We suggest checking out a few facilities and learning what services are available to meet your needs. Visit the facility, understand the services offered and ask about the policies of the facility to be sure that they align with your wishes and values. Ask the facility how they will handle medical emergencies, are they qualified to perform CPR or the Heimlich maneuver if your senior choked on dinner, will they change wound dressings, what happens if your senior needs help eating, and what happens when your senior declines further. How do they handle these inevitable situations?

Assisted Living Services

Your senior should expect to have a staff member deliver medications on schedule, receive hot meals, be provided housekeeping and laundry services, transportation to shopping and appointments (especially medical care), access to a variety of activities to interact with peers and form new friendships, relief of loneliness and boredom, security in case of wandering, access to emergency call system, amenities such as beauty shop, pharmacy, mail, exercise equipment, and assistance with activities of daily living all provided in a comfortable living environment.

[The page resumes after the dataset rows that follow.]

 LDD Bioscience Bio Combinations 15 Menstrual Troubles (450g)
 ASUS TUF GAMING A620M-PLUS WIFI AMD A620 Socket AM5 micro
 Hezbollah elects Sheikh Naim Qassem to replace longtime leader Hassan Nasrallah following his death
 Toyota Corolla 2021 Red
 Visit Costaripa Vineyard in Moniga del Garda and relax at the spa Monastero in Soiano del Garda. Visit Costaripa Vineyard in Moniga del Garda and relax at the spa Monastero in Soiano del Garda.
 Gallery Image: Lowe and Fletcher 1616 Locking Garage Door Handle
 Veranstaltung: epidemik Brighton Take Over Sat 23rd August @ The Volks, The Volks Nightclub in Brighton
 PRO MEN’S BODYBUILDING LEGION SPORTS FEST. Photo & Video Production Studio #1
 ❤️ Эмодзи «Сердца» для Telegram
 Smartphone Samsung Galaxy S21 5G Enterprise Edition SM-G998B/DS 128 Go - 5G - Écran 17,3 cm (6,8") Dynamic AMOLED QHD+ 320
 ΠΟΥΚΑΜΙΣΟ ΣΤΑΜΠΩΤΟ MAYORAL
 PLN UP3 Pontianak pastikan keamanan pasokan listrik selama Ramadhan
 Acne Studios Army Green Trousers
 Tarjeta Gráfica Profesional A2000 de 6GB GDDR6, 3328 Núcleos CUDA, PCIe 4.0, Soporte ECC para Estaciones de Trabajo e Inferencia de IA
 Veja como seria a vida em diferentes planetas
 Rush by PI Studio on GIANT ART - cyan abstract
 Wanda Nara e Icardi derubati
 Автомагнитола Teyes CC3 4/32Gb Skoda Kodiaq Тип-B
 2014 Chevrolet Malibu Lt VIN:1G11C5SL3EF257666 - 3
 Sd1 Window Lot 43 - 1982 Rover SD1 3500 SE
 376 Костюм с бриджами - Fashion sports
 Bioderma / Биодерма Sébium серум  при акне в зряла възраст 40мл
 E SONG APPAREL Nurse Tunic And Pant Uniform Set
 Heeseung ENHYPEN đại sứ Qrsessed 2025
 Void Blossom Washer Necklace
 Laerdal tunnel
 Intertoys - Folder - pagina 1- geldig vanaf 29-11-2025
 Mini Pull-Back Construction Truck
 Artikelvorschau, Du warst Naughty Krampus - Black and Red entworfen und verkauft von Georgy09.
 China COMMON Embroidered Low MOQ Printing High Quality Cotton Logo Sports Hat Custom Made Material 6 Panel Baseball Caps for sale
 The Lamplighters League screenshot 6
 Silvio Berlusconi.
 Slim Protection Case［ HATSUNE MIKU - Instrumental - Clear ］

Don’t be surprised if your senior loved one is reluctant to move to an assisted living facility. Naturally they want to stay in their home. As much as possible, make it their decision by involving them from the beginning. Take them to visit the properties and make a selection. Your difficulty, of course, comes if they resist the change but everyone knows it is the right thing for them.

Once the move takes place and they are settled, we’ve found that most seniors love their new homes. They enjoy the socialization and all the new activities. They are often relieved with no longer having to care for home maintenance or housework. The pressure is off for you too as you get peace of mind that someone is watching out for your senior at all hours.

The years spent in assisted living instead of a nursing home when it is feasible can be years of wonderful memories for the entire family. Good luck to your and your senior loved one!

One Response to Assisted Living: An Option for Your Senior? 8 Signs It’s Time to Consider

  1. This is always a tough decision to make. I guess you just have to make the decision that you know is right even though it might not be the decision you want to make.